# Task prompt
Return the lines of the material below exactly, beginning with the line that has "Repose Skirt Olive Tiered hem Winter Staple" in it and finishing with the line that has "May include: Instructions" in it. Leave all pictures aside.

# Data records
.....

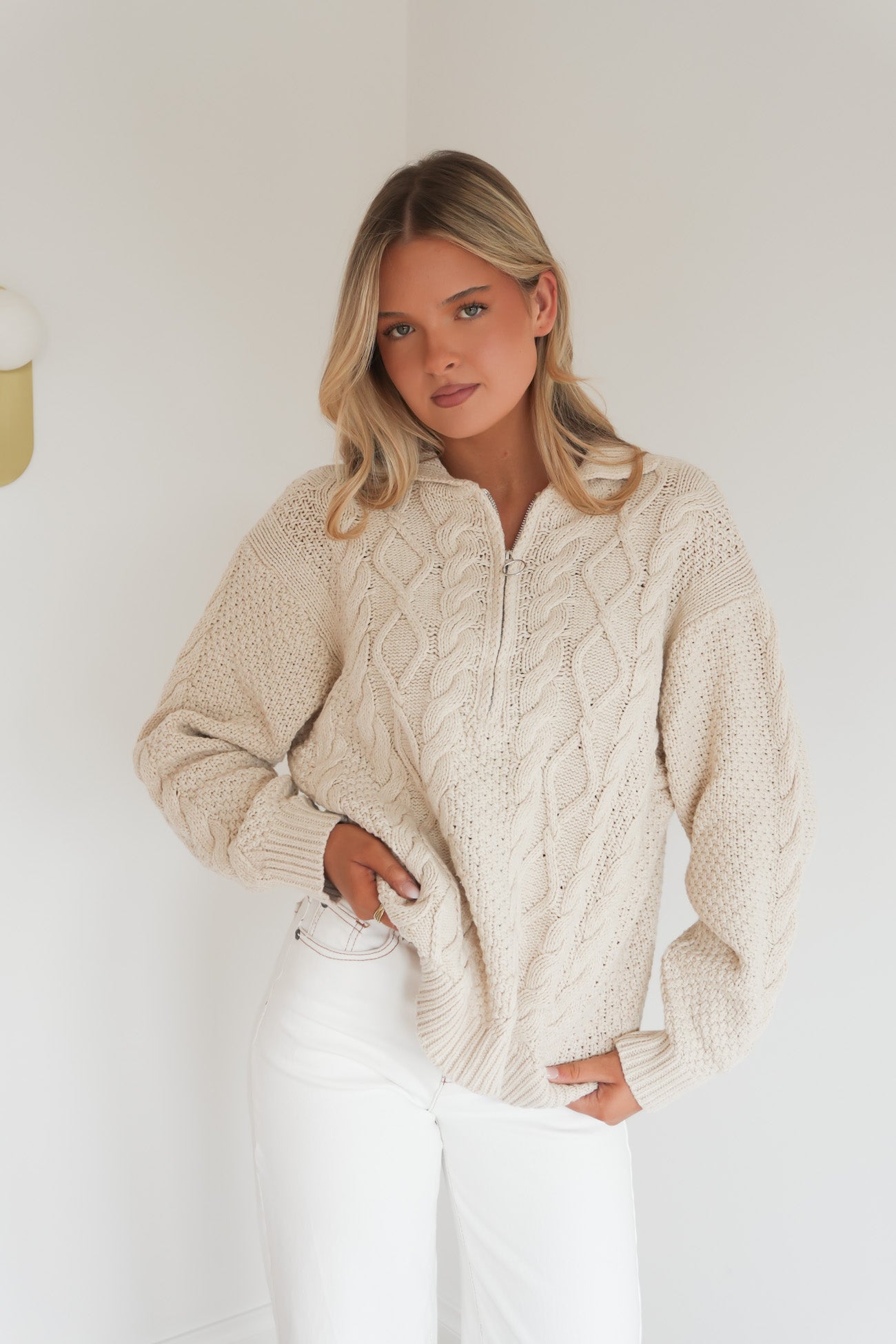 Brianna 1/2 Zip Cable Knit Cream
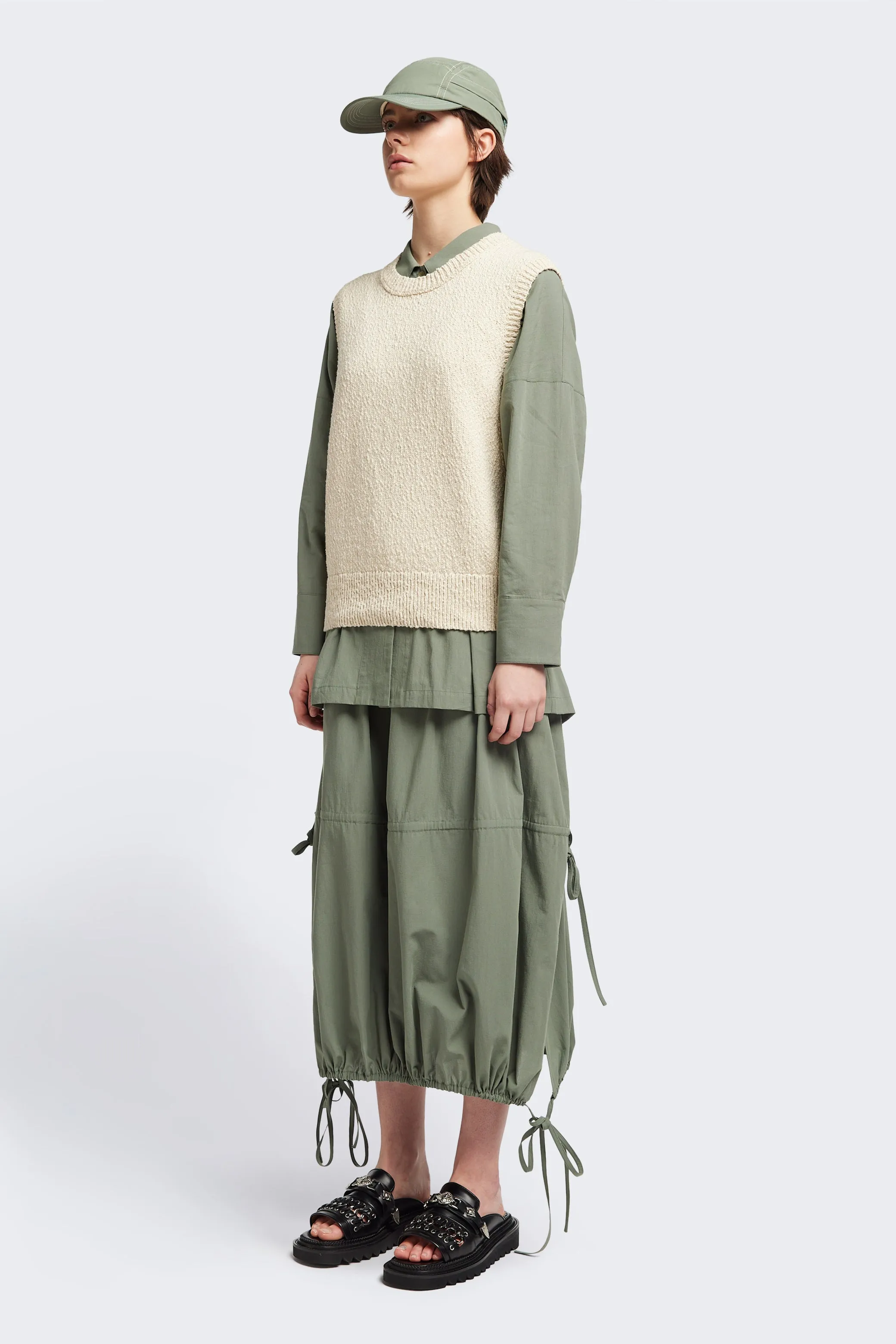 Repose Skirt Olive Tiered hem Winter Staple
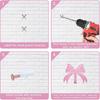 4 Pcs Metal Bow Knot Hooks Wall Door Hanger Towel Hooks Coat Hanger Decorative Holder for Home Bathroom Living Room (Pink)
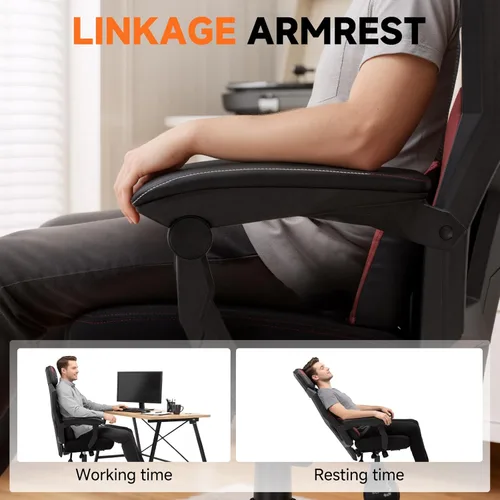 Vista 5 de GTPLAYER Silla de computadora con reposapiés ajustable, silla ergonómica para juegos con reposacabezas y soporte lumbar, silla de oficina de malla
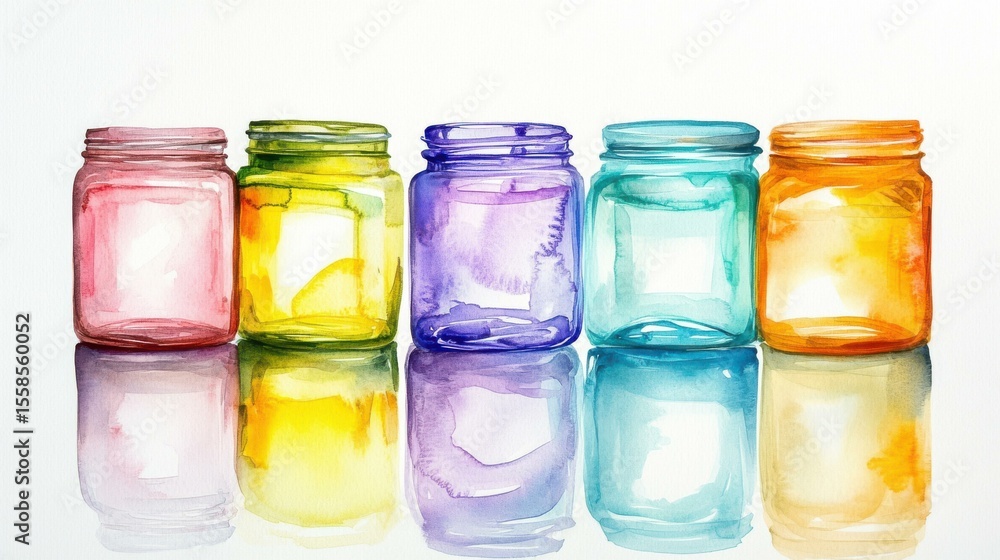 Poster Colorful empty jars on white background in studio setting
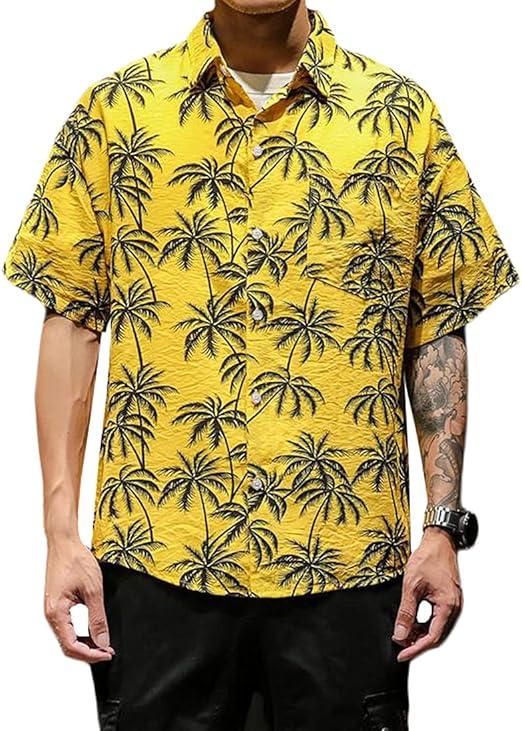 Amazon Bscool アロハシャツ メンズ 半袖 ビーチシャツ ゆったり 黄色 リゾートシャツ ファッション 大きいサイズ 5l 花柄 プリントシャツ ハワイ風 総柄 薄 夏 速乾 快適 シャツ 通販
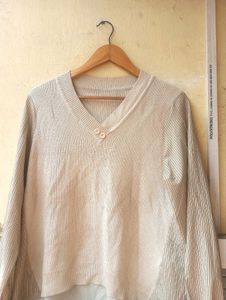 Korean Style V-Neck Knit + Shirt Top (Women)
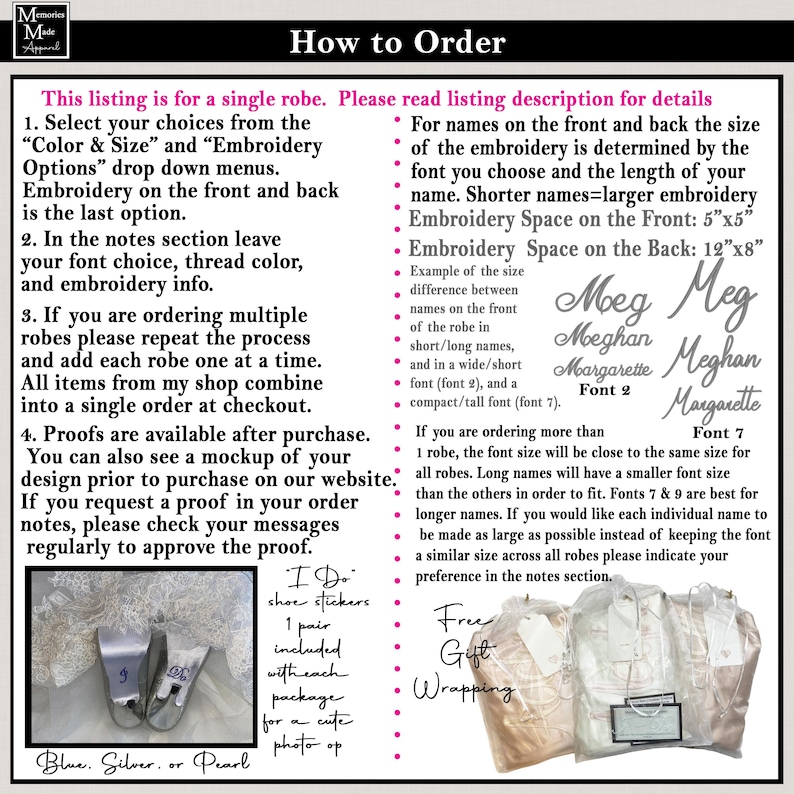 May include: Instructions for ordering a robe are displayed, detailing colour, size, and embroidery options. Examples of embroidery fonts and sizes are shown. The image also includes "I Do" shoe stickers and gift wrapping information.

.....

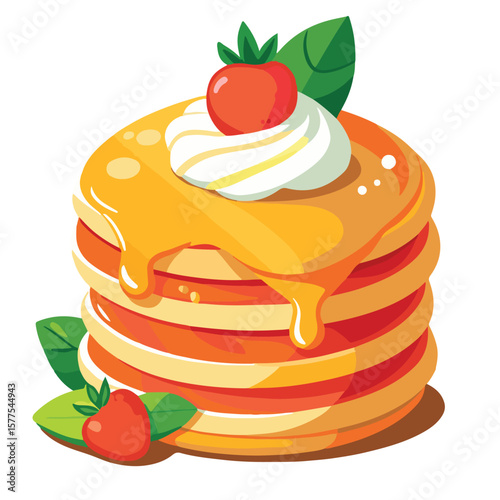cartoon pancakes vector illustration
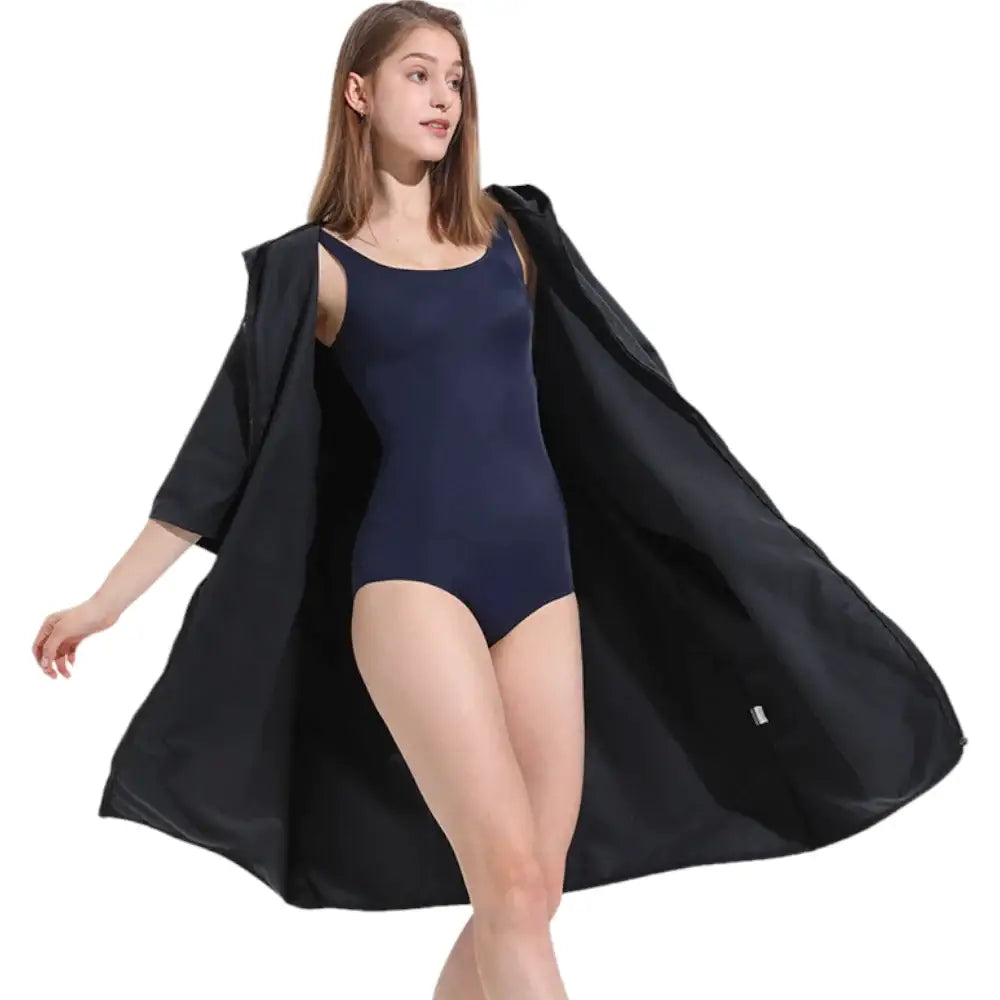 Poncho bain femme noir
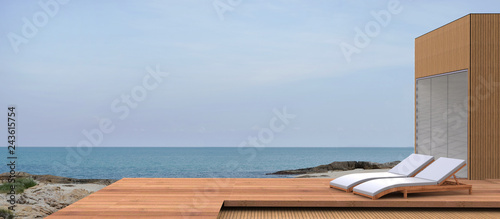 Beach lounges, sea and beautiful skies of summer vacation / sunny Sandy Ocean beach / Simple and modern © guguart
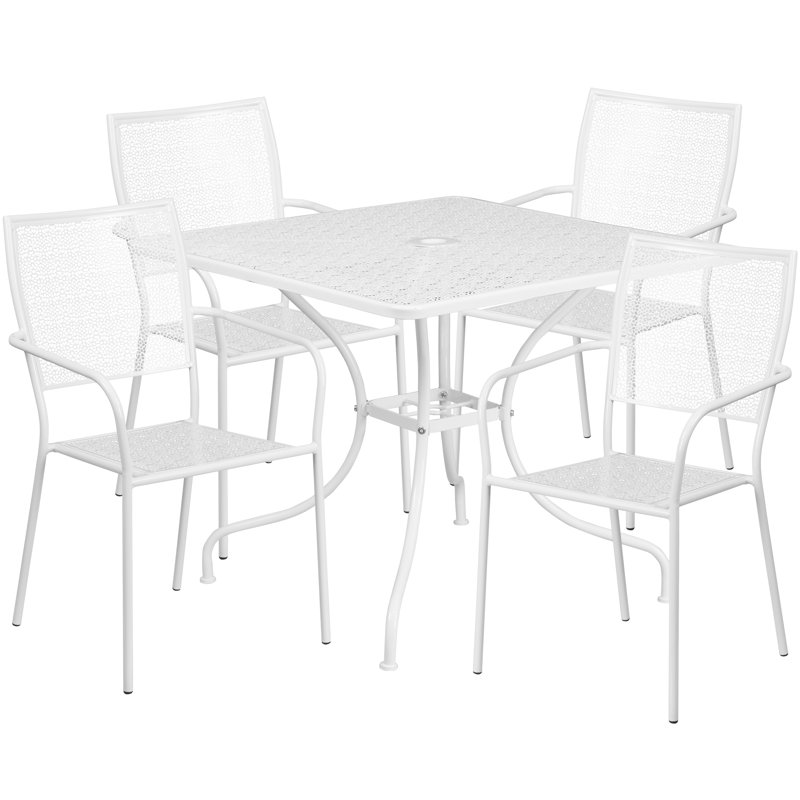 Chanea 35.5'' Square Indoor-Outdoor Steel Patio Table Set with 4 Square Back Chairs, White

.....

# Solution to this exercise
 Repose Skirt Olive Tiered hem Winter Staple
 4 Pcs Metal Bow Knot Hooks Wall Door Hanger Towel Hooks Coat Hanger Decorative Holder for Home Bathroom Living Room (Pink)
 Vista 5 de GTPLAYER Silla de computadora con reposapiés ajustable, silla ergonómica para juegos con reposacabezas y soporte lumbar, silla de oficina de malla
 Poster Colorful empty jars on white background in studio setting
 Amazon Bscool アロハシャツ メンズ 半袖 ビーチシャツ ゆったり 黄色 リゾートシャツ ファッション 大きいサイズ 5l 花柄 プリントシャツ ハワイ風 総柄 薄 夏 速乾 快適 シャツ 通販
 Korean Style V-Neck Knit + Shirt Top (Women)
 May include: Instructions for ordering a robe are displayed, detailing colour, size, and embroidery options. Examples of embroidery fonts and sizes are shown. The image also includes "I Do" shoe stickers and gift wrapping information.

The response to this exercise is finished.